Davies’ view of life and on society are as William Shakespeare quotes : All the world’s a stage, and all the men and women merely players : they have their exits and their entrances; and one man in his time plays many parts. The novel Fifth Business is written from this view point. In his life analysis, Ramsay comes to realise that he may not have had the leading role, but was regardlessly necessary in the development of the life-drama. It becomes clear to him that his place is not as the hero, but it is nonetheless important; he aids in completing the lives of everyone he is surrounded by.
Davies begins the novel with the explanation of his theatrical inspiration : the fifth business.

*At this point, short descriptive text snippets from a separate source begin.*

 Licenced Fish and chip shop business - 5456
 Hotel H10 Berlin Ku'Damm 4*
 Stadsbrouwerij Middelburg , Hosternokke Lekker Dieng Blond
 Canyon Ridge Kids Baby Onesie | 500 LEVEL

Those role which, being neither those of Hero nor Heroine, Confidante nor Villain, but which were nonetheless essential to bring about the Recognition or the dénouement, were called the Fifth Business in drama and opera companies organized according to the old style; the player who acted these parts was often referred to as Fifth Business.

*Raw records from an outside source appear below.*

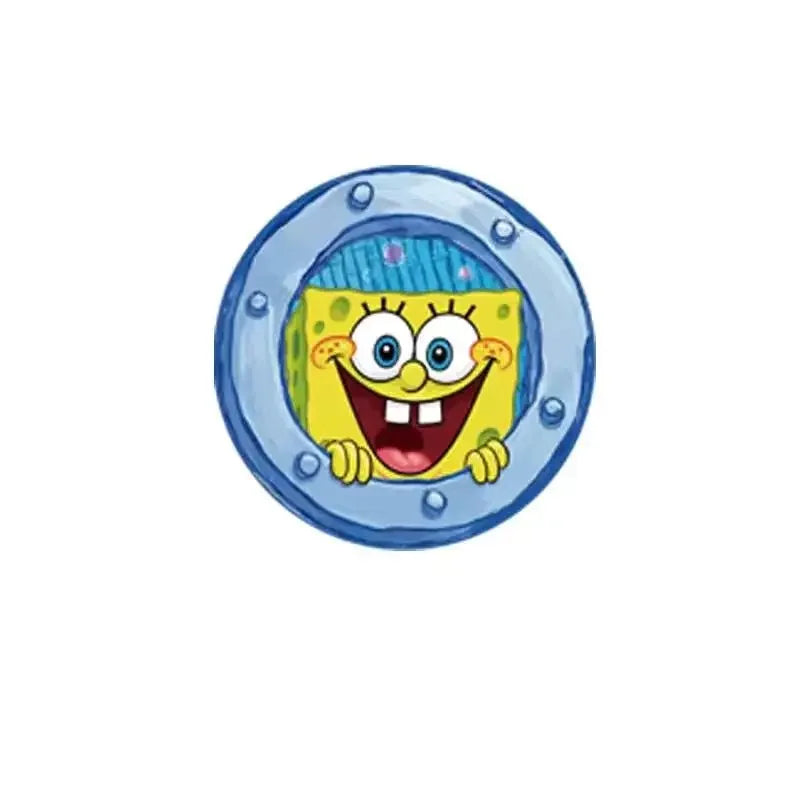 Cartoon Cute SpongeBob SquarePants - Image 8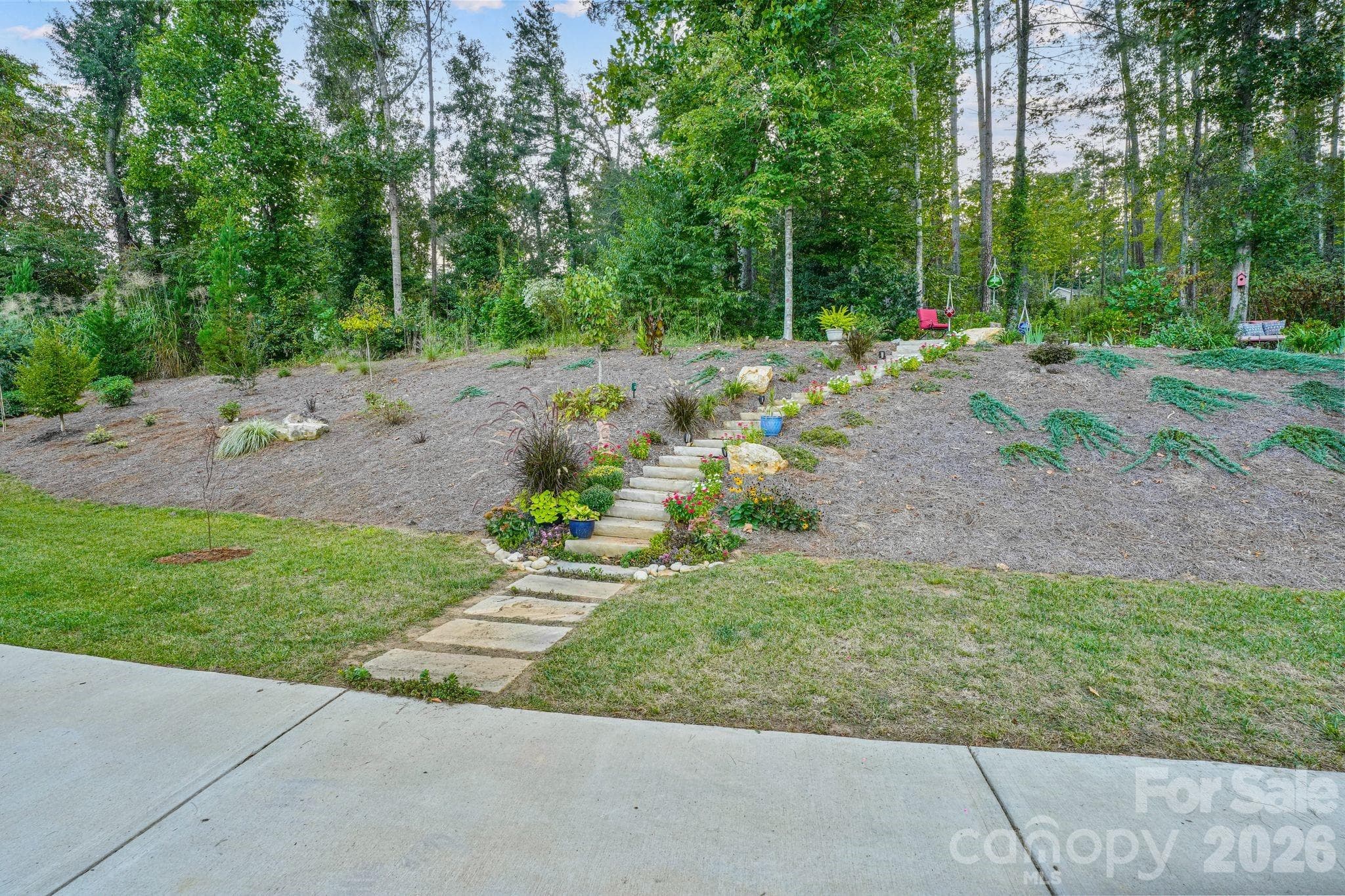 Single Family Residence at 2039 Cane Creek Road, Fletcher, photo 45 of 52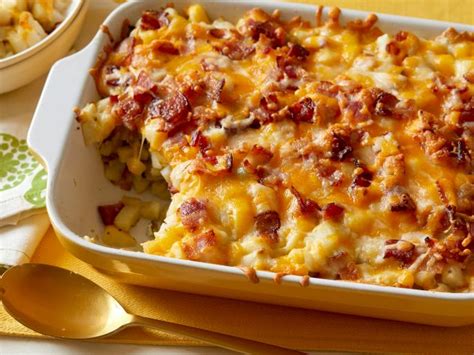 Cheesy Hash Brown Casserole Recipe | Ree Drummond | Food Network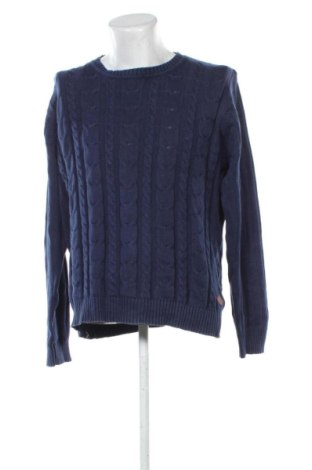 Pánský svetr  Unbranded, Velikost XL, Barva Modrá, Cena  529,00 Kč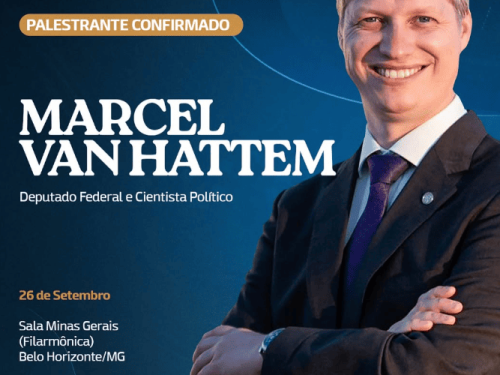 16° Fórum Liberdade e Democracia - Ver Além para Liderar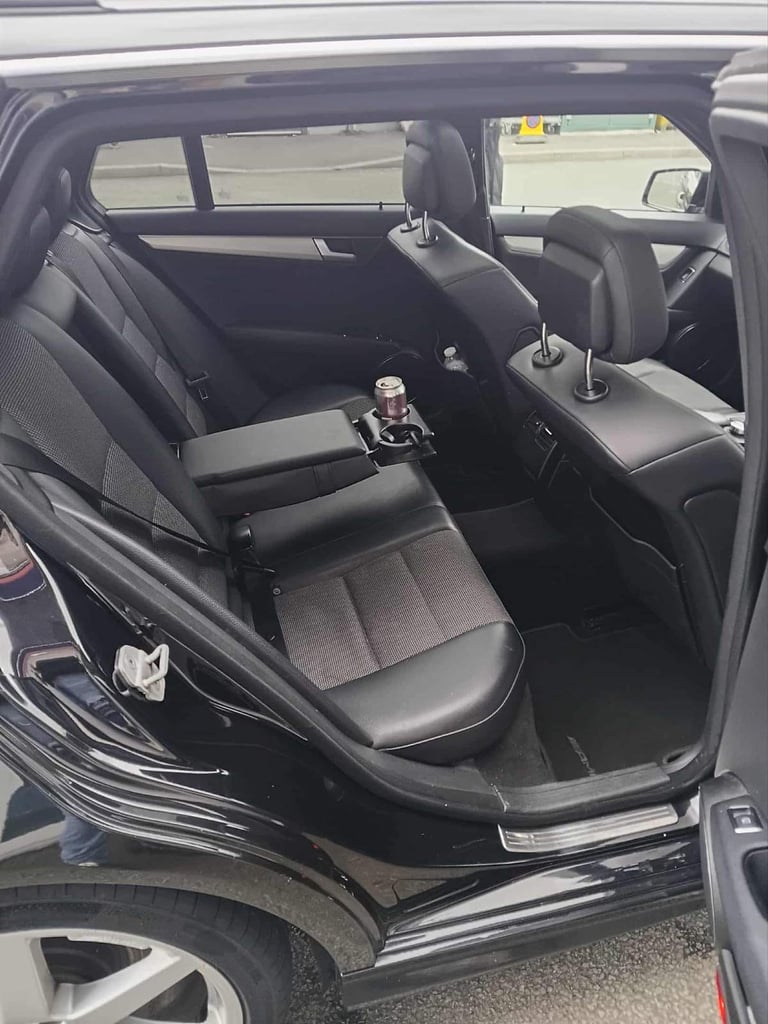 Mercedes-Benz, C CLASS, Estate, 2012, Semi-Auto, 2143 (cc), 5 doors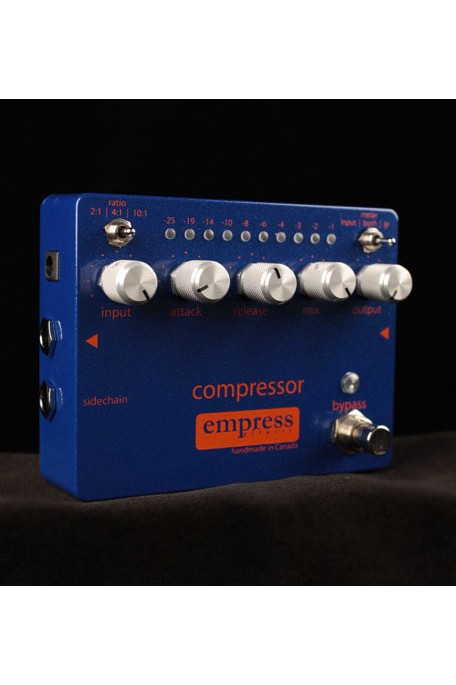 Empress Compressor - Music Boulevard บริษัท มิวสิค บูเลอวาร์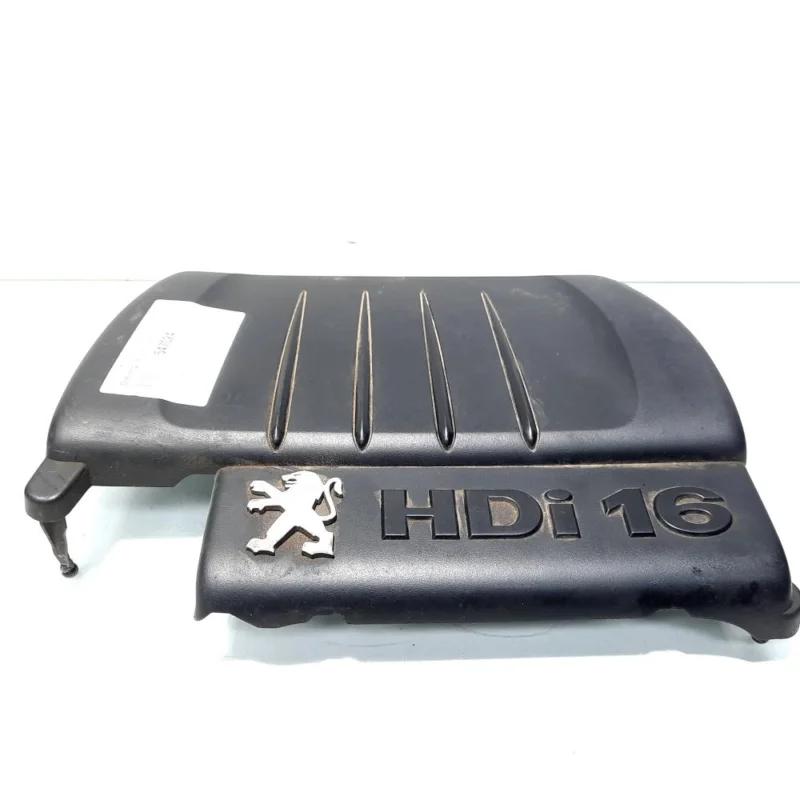 Capac protectie motor, cod 9659999980, Peugeot 307 sedan, 1.6 HDI, 9HX (idi:547024) Retur ușor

– Tho. Overskou, Den Danske Skueplads
As Ramsay takes on the quest for his own role in this life drama, he finds that he is Fifth Business. Reading the condescending article about his retirement, Ramsay decides to write to the director and make him realise what he had realised : the importance of Fifth Business.
Oh God! Packer, who cannot know and could not conceive that I have been cast by Fate and my own character for the vital though never glorious role of Fifth Business! Who could not, indeed, comprehend what Fifth Business is, even if he should meet the player of that part in his own trivial life-drama!
The novel Fifth Business is truthfully a novel about finding your own identity and your own role in the drama of life. Davies intended to make his readers realise that in life, incidents may happen that can alter the outcome of your life. Presenting common themes, the reader embarks in their own life analysis reading along as the protagonist, Ramsay, does the same.
Using a mixture of two literary devices to deliver to the reader a clear understanding of the purpose of this novel, Davies presents a rare form of romance and satire. Romance, being a protagonist’s quest for a certain distinction and his or her own place in the world while trying not to hurt others is intertwined with Satire : the differences between actual occurrences and what happens ideally. Throughout Fifth Business, Ramsay searched for this distinction and his place in society, as many people do today. The novel also demonstrates that in life, what is expected and planed on, may not exist tomorrow. Niccolo Machiavelli’s famous quote concludes it well, “Carpe Diem! Seize the day!”
Davies’ Fifth Business is a novel about one man’s quest for his identity and role. In his life analysis, he comes to realise that although his life was not the most eventful, he played his role, completing the lives of everyone he was surrounded by. Davies teaches the reader that regardless of the role you are given in life; hero, villain or simply Fifth Business, you are nonetheless required to complete the staged play of everyone else’s life.